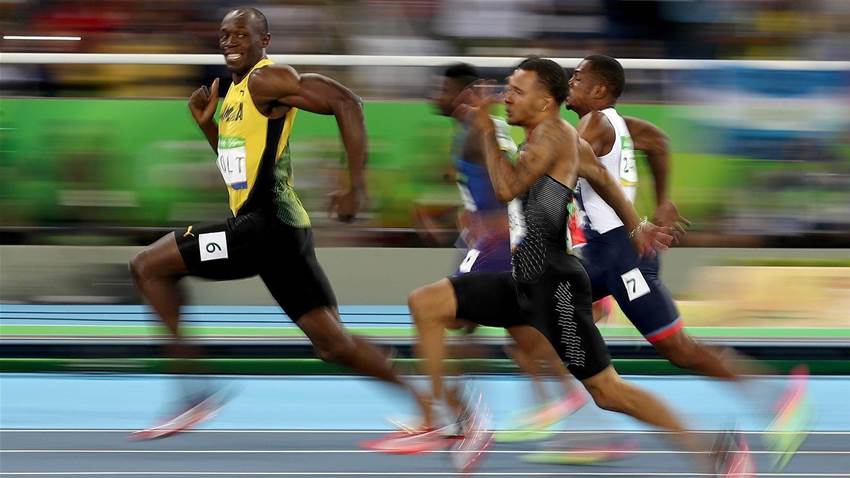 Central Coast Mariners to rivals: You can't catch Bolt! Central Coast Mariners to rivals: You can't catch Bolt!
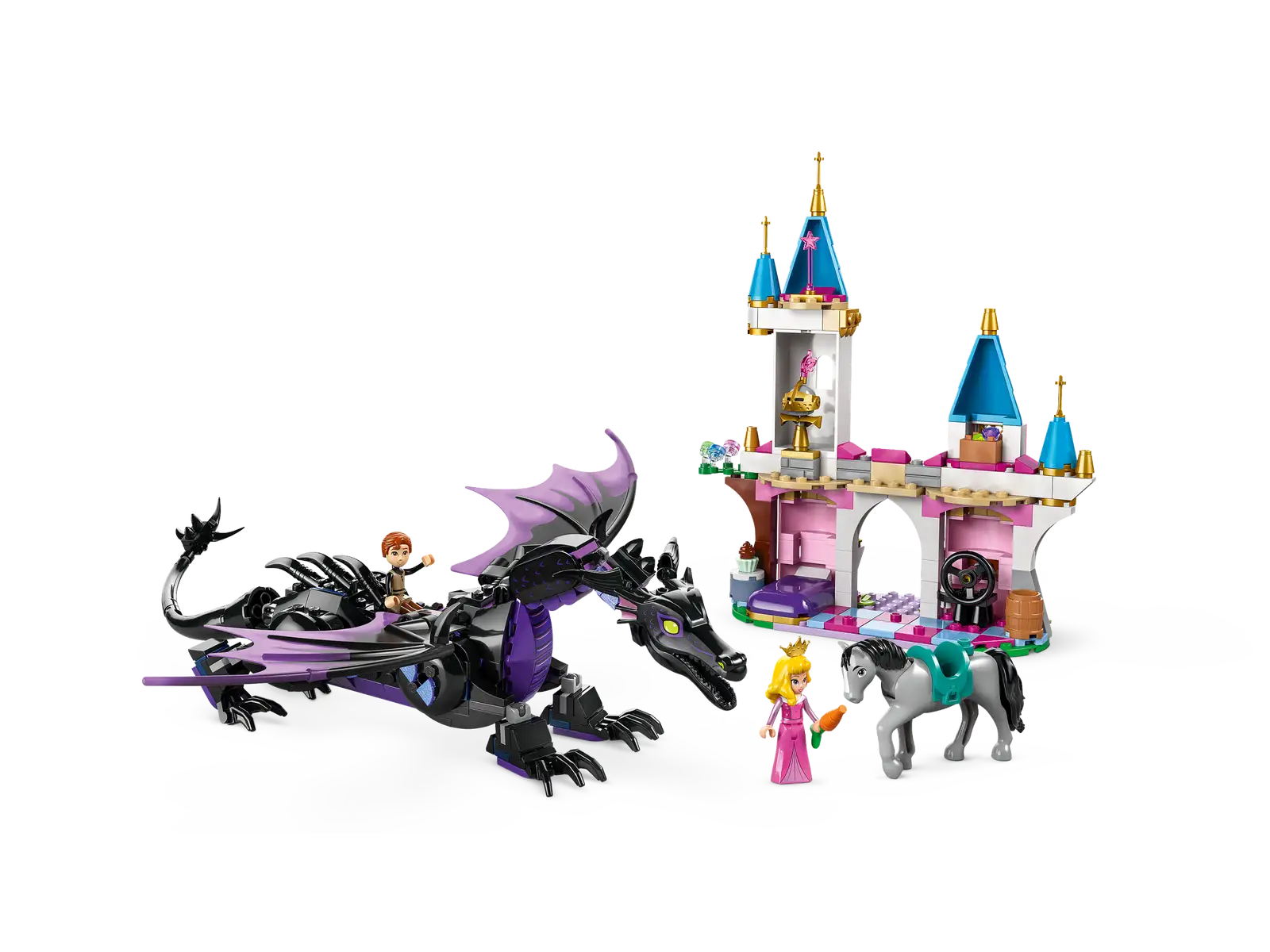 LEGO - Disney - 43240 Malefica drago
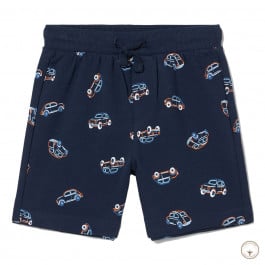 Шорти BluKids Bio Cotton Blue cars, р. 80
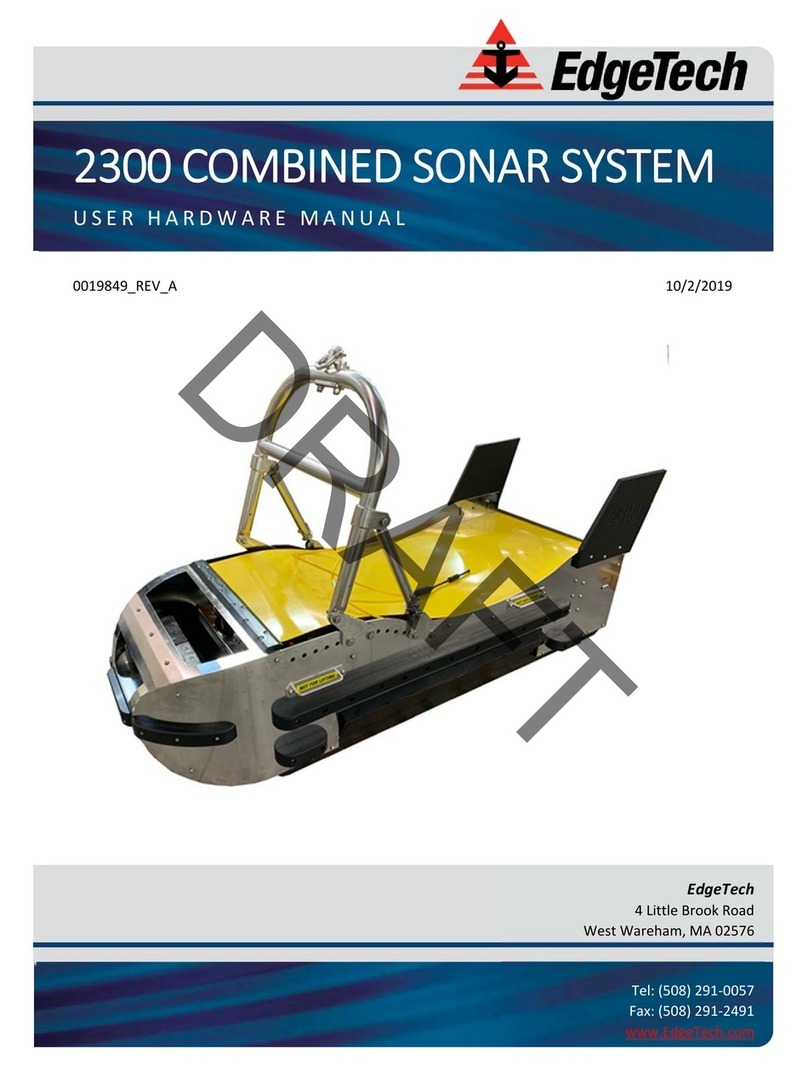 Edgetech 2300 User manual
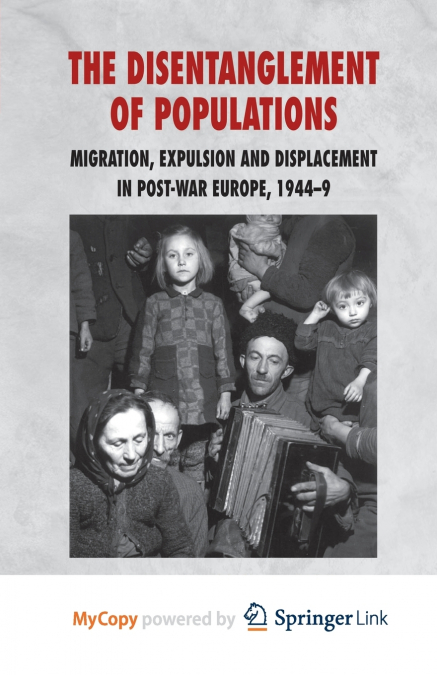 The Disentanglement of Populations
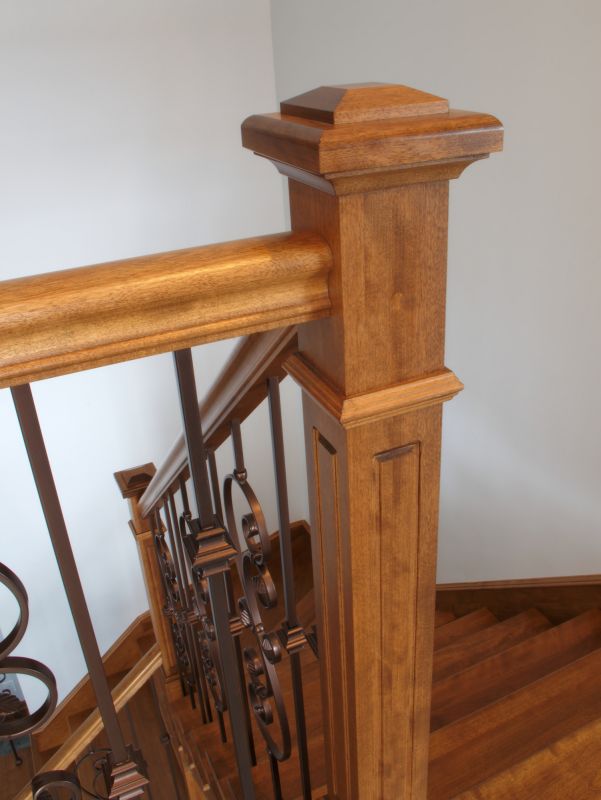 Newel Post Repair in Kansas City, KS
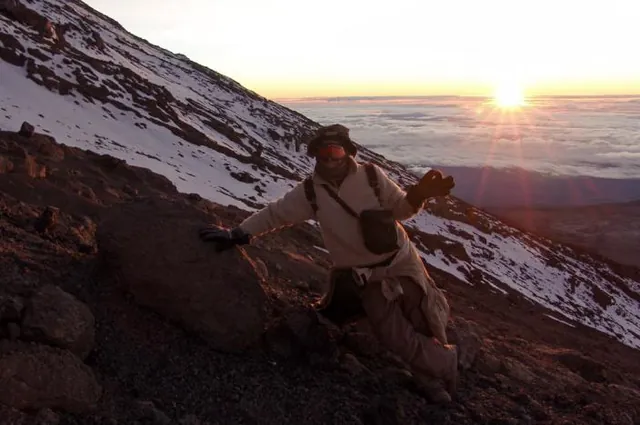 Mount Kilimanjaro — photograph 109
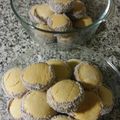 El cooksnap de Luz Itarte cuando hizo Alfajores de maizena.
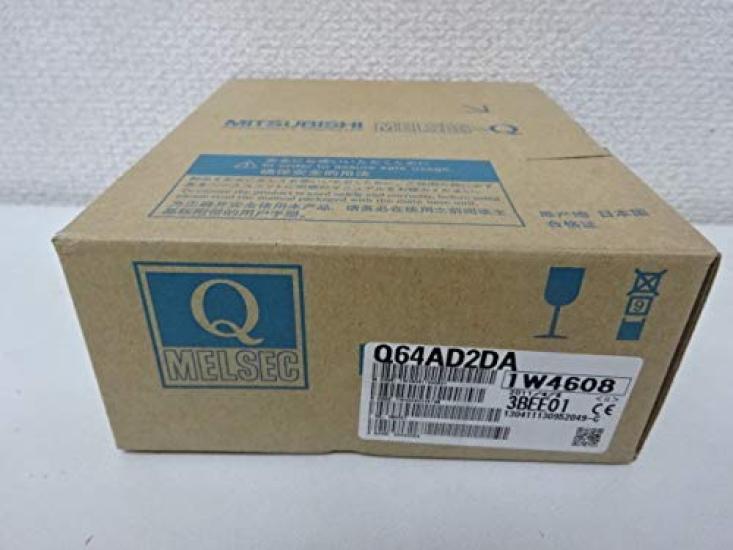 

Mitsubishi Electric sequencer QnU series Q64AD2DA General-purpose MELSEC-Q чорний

▶ **To do**
What is needed is a verbatim copy of the lines from the line with "El cooksnap de" through the last line of the listing, pictures excluded.

▶ **Output of the exercise**
 El cooksnap de Luz Itarte cuando hizo Alfajores de maizena.

Mitsubishi Electric sequencer QnU series Q64AD2DA General-purpose MELSEC-Q чорний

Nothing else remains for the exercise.